I can understand that maintaining the list would add a lot of overhead, especially with changing code. Let's see if we can add something to support this use case since it seems to be common.

Thank you for the Zeitwerk improvements, we are using it & it works for us.

Thank you for testing it out and letting me know ๐Ÿ˜„

drwl commented

I'm not sure I totally understand the use case here, could you elaborate? Here's what I understand:

In your Rails app you have the standard Rails project structure

- app/models/...
- app/controllers/...

Then also namespaced/modularized components, so in addition
- app/components/component_name_1/models/...
- app/components/component_name_1/controllers/...
- app/components/component_name_2/models/...
- app/components/component_name_2/services/...

It also sounds like you're using Zeitwerk. In this case, my questions are:

  1. How are classes namespaced in component_name_1? Is it Components::ComponentName1::ModelName? Is it ComponentName1::ModelName?
  2. How have you configured Zeitwerk to load the classes? (i.e. collapsed directories)

In your Rails app you have the standard Rails project structure

- app/models/...
- app/controllers/...

Then also namespaced/modularized components, so in addition
- app/components/component_name_1/models/...
- app/components/component_name_1/controllers/...
- app/components/component_name_2/models/...
- app/components/component_name_2/services/...

Yes, exactly. Those default Rails directories are legacy and only used for some very common shared stuff, most of the business logic lives in components.

It also sounds like you're using Zeitwerk. In this case, my questions are:

Yes, Zeitwerk. Switched to it during Rails 6.0 upgrade.

  1. How are classes namespaced in component_name_1? Is it Components::ComponentName1::ModelName? Is it ComponentName1::ModelName?

It's ComponentName1::ModelName. Rails is set up such that all directories under app/ are considered as "root" directories and namespaces are created based on sub-directories.

  1. How have you configured Zeitwerk to load the classes? (i.e. collapsed directories)

Nothing special, Rails default. No hacks, very basic stuff.
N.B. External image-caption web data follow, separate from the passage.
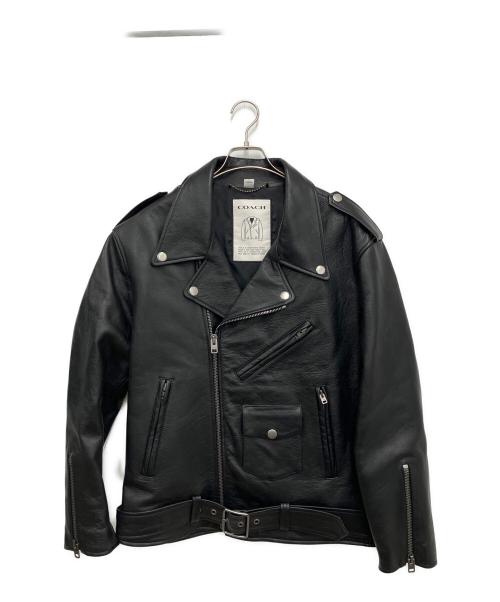COACH（コーチ）COACH (コーチ) ダブルライダースジャケット ブラック サイズ:Mの古着・服飾アイテム
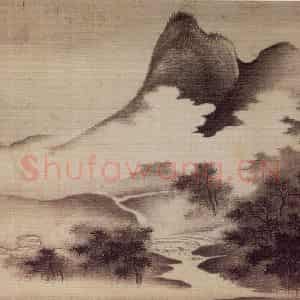 明末清初 樊圻《山水册》国画山水作品图片鉴赏
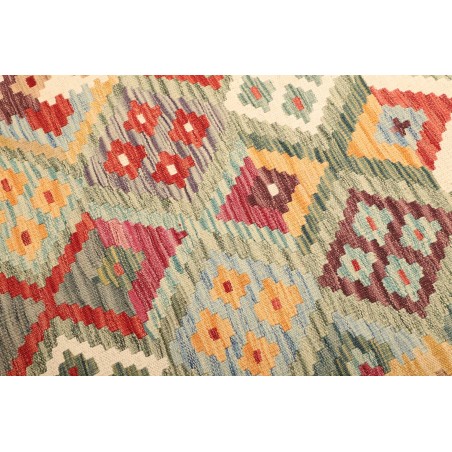 Tappeto Kilim Afghanistan marrone rosso 104x146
So how I currently understand how this gem works is that it tries to find model files directly from filesystem. Then for each file it tries to load this class and if it's a model, annotate them. My initial post here outlined (implicitly) different approach, which for me seems more reasonable given that Zeitwerk is already working and has done all the classloading work anyway. This means that with 3 simple commands we can omit all the guesswork what model classes are and where they are:

  1. Zeitwerk::Loader.eager_load_all -- We force Zeitwerk to load in all the classes in project. If we don't do this, Zeitwerk can do it lazily based on how it's configured and this means for next steps we may skip some existing models.
  2. ApplicationRecord.descendants or ActiveRecord::Base.descendants. With this we get list of all model classes, iterate over these and fetch their paths.
  3. Module.const_source_location("Namespace::ModelName") -- we get path for this specific model file which is needed for annotating.

It's pretty simple solution & I already working on it. I'm thinking about implementing this without tests at first (testing locally with my project) and then figure out tests.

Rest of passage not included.